As we speak, the world is reeling from one of the worst cases of viral infection in recent history. Thus, it is a bit troubling that anyone would want to exploit the desperate situation that we all find ourselves in, to create further harm, or confusion. But that is exactly what cybercriminals are doing with the coronavirus.
They are now taking advantage of people’s heightened interest in news related to the outbreak to send emails that are laden with malware. Clicking links within these emails downloads malicious software such as worms, ransomware, and spyware onto the victim’s computers.
These coronavirus-themed malware entities are spreading fast and they pose real cybersecurity threats because of the novelty that goes into their distribution and targeting. Most of the victims of these sickening campaigns do not even know what hit them until it is too late. They often have to bear huge financial damages following successful infiltration.
An example of a coronavirus-themed malware attack happened in Japan in the months of January and February. Cybercriminals started sending out emails that supposedly came from a Japanese disability welfare service provider, except that these emails and their attachments were infected with the Emotet Trojan, which happens to be one of the most notorious Trojans at the moment.
The Emotet malware was originally created in 2014 and used to infiltrate banks and steal confidential information. The malware has since evolved from its primary purpose and is now mostly used as a loader for other malware. Emotet is very effective at this because it uses worm-like activities to spread from one computer to the other virtually undetected.
While phishing campaigns are the primary means through which coronavirus-themed malware such as Emotet are being spread, they are not the only ones. Many fake websites with the word coronavirus have also been popping up everywhere and they also serve as a conduit for spreading all sorts of malicious malware.
To evade coronavirus-themed malware, you need to stay vigilant at all times against the tricks that cybercriminals are likely to use to lure you into downloading the virus onto your computer. Here are a few tips that might prove helpful along the way:
- Verify the authenticity of news items related to the coronavirus
No matter what country you are from, there is always that reliable news source that at least most people trust. And while it is likely that you will get news about the coronavirus from elsewhere, ask yourself how many times news about something comes to you by email, especially if you have not subscribed to a service. If it seems odd to you, it most likely is.

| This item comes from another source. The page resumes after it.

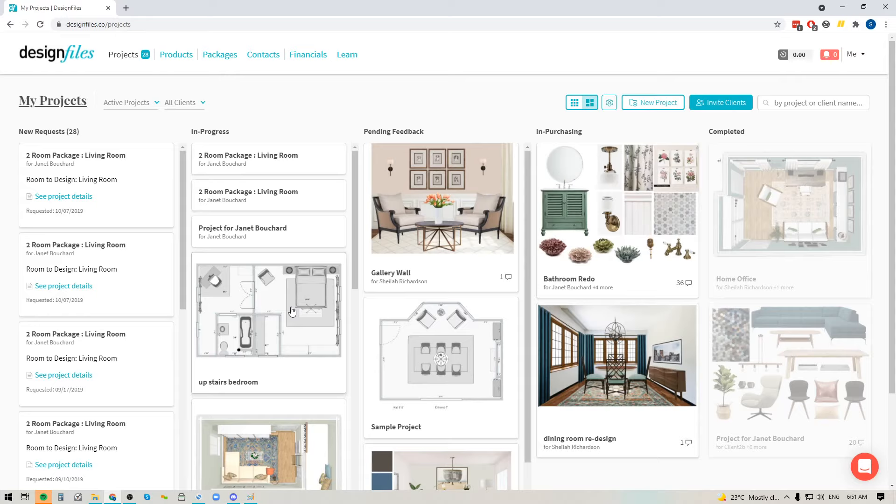So pop into your Design Files account, give this new feature a try, and as always, let us know what you think. We love hearing from you.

- If you work in an organization where you share work stations with several of your colleagues, notify them of the coronavirus-themed malware
If you share an office with some folks, it is a hopeless situation if the entire office doesn’t take the same security precautions to protect each other against malware attacks. That’s why sharing information is essential to keeping everyone safe. Tell everyone about the coronavirus-themed malware. Point them to this article if you must, but please don’t keep quiet.
- Watch out for over dramatic headings
If you receive an email with dramatic news headings, it is most likely fake. It is unlikely that anyone will have the time to announce the end of days with via email.
- Purchase a premium antivirus solution
Do you have an anti-malware solution installed on your computer? If not, you need to download one ASAP. Anti-malware solutions such as Outbyte Antivirus will detect infiltration attempts by the likes of the Emotet virus and stop them in their tracks. It is your best bet against malware threats.
- Take a closer look at emails and domains for spelling mistakes
Likely, all the domains bearing the name coronavirus are already taken by legitimate organizations such as WHO and the UN. Cybercriminals thus have to do with what’s left and this makes it easy to weed out fake domain names because of the many spelling mistakes on their fake domains.
- Update all the software on your computer
Do you run the latest version of software on your computer? If not, you need to because malware exploit vulnerabilities on apps that have not been patched with the latest security patches. Start with your OS, then browsers, and continue that way till all of the apps that you commonly use are updated.
- Stop relying on pirated software
Do you get your software from sites such as The Pirate Bay? If that is the case, then you need to stop. Malware can be bundled together with pirated software creating the real danger of making such software a constant source of infection on your computer.